DATASET EXCERPTS ▸
++++++

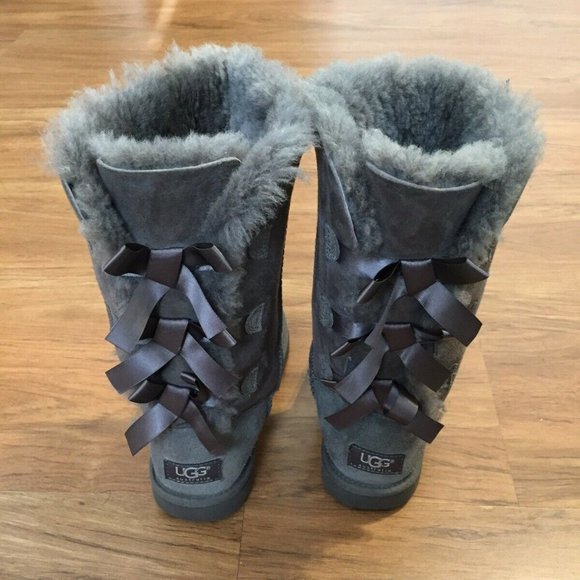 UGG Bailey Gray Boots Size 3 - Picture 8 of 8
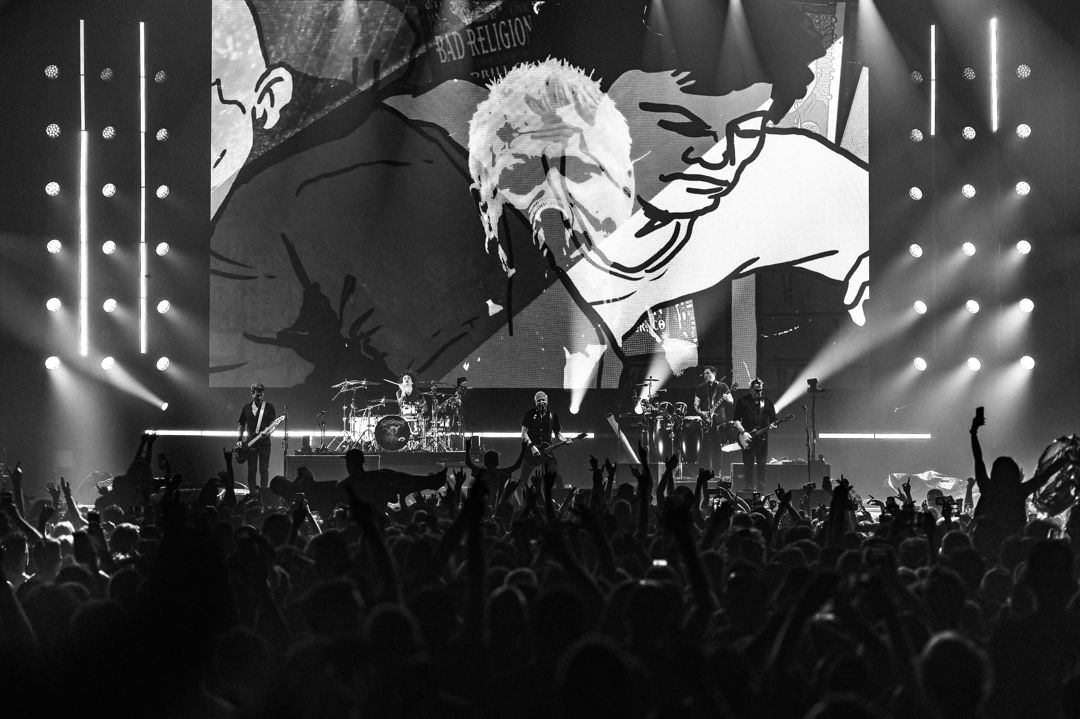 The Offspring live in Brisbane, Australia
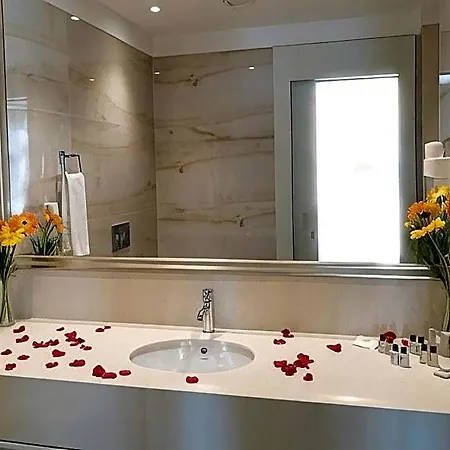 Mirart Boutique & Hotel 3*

++++++

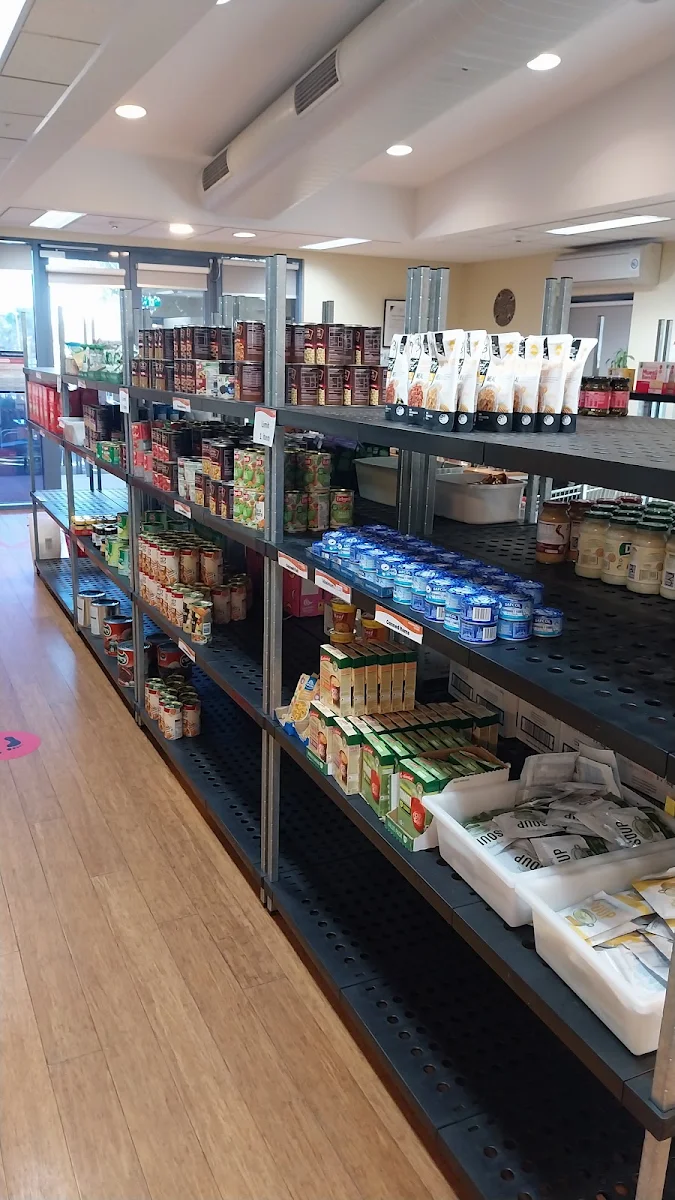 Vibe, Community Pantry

++++++

DESCRIPTION OF THE TASK ▸ What belongs in the answer is each line above from the line with "UGG Bailey Gray" to the line with "Mirart Boutique & Hotel 3*", inclusive, reproduced exactly and free of pictures.

YOUR SOLUTION ▸
 UGG Bailey Gray Boots Size 3 - Picture 8 of 8
 The Offspring live in Brisbane, Australia
 Mirart Boutique & Hotel 3*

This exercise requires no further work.